Auteur : Nell Freundenberger.
Editeur : Les éditions de la Table Ronde.
Nombre de pages : 488.

Mon avis :

Le constat pour moi est simple : l'auteur sait vraiment captiver son lecteur. D'abord, elle choisit comme narrateur principal Yuan Zhao, que la majorité des personnages nomme simplement "le dissident", parce qu'ils ne parviennent pas à prononcer correctement son nom ou parce que ce n'est pas la personne qui les intéresse mais ce statut : un homme qui a défié le pouvoir chinois par ses œuvres. Ensuite, ce « dissident » se révèle un narrateur habile. Yuan ne nous raconte pas seulement sa tâche de professeur aux États-Unis (souvent délicate, car ses objectifs, ses méthodes ne sont pas ceux d'une école américaine), sa vie quotidienne dans une famille aisée mais , il nous parle de son passé en Chine, ses amours, sa jeunesse, celle de ses parents, révélant ainsi autant de l'histoire de son pays que de la sienne.
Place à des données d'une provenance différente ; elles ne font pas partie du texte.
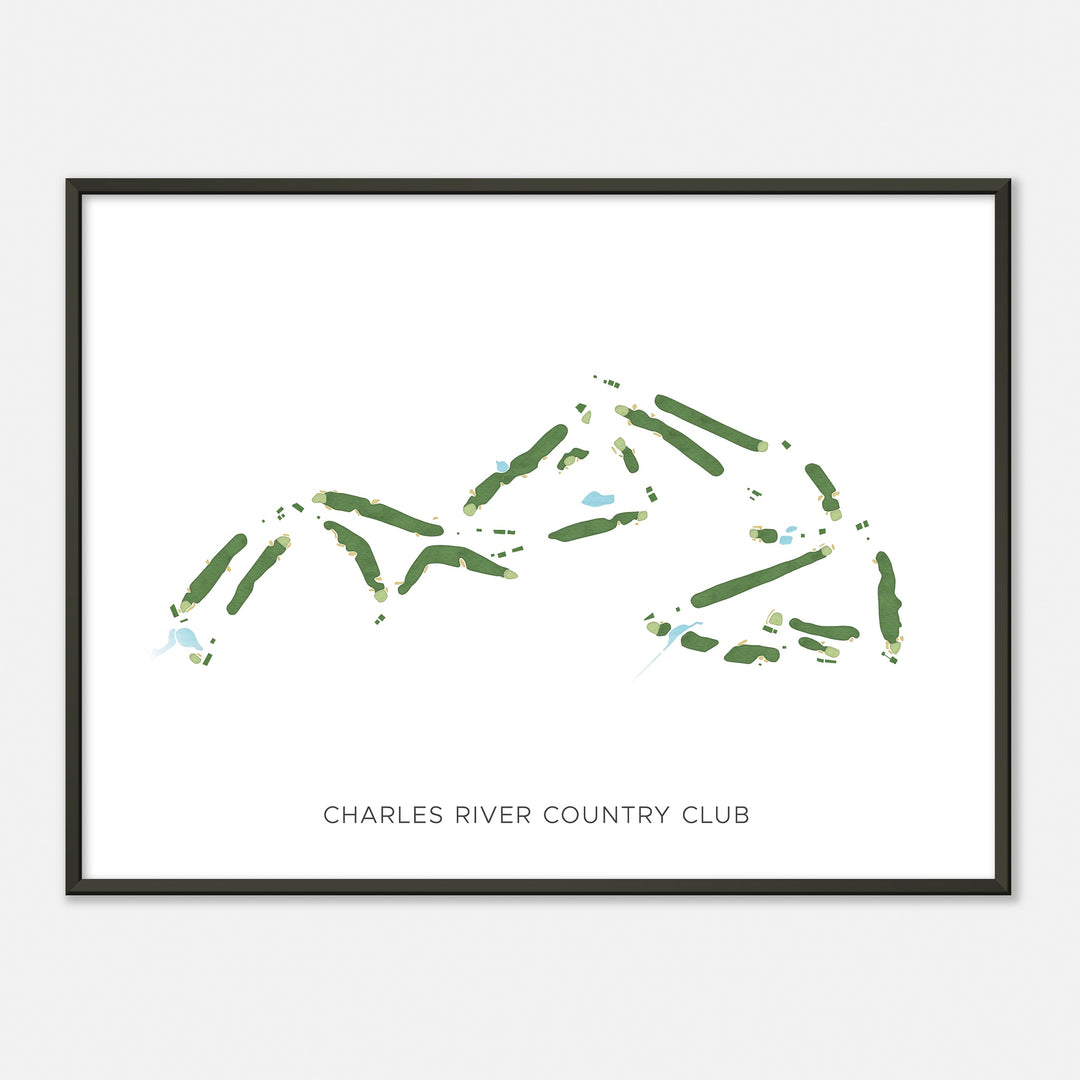 Print of Charles River Country Club Modern Map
Face à lui, les américains font presque pâle figure. Le décalage est grand entre leurs paroles, effectivement prononcées, et ce qui a motivé ces paroles, ces actes, d'où des erreurs d'interprétation parfois considérables, d'autres fois justes risibles (voir l'incompréhension qui s'est créée entre Cece, son mari, et son beau-frère).
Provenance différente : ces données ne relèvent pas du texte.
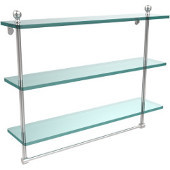  Mambo Collection 22 Inch Triple Tiered Glass Shelf with Integrated Towel Bar, Satin Chrome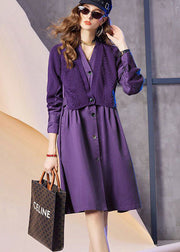 Boho Purple V Neck Patchwork Knit Fake Two Piece Party Dress Spring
Puis, au fil du récit, j'ai eu l'impression que Yuan laissait des indices au lecteur (je pense à sa facilité avec laquelle il invente des épisodes de sa vie et constate la crédulité de ses interlocuteurs), pour qu'il comprenne que la narration est en partie piégée, et s'interroge sur ce qui a pu (ou non) être inventé dans le reste du récit. Aussi le coup de théâtre final m'a certes étonnée, mais pas stupéfiée, sans doute parce qu'il fut agréable d'être dupée par un conteur aussi habile.
Le roman soulève des questions importantes, en dehors même du récit du dissident : qu'est-ce que l'art ? Qu'est-ce qui fait de vous un artiste ? Qu'est-ce qu'une œuvre d'art ? A qui appartient-elle ? Comment sa perception évolue-t-elle au fil du temps ? L'auteur n'a pas la prétention d'apporter des réponses définitives à ce questionnement, elle dresse plutôt un instantané de la création artistique. J'ai trouvé assez amusant de comparer le travail lent et patient de Yuan Zhao, les recherches presque artisanales de June, et l'écriture de Joan (sa presque homonyme, si l'on y réfléchit bien) et Phil Travers. Ces deux derniers, frère et sœur contraires, ont pourtant un point commun : ils n'hésitent pas à puiser dans leur vie quotidienne pour écrire leurs œuvres, quitte à se justifier avec véhémence après coup.
J'ai pris beaucoup de plaisir à lire ce livre, et j'espère que d'autres lecteurs l'apprécieront également.

Merci aux éditions de la Table Ronde et au forum Partage Lecture de m'avoir permis de découvrir cette auteur.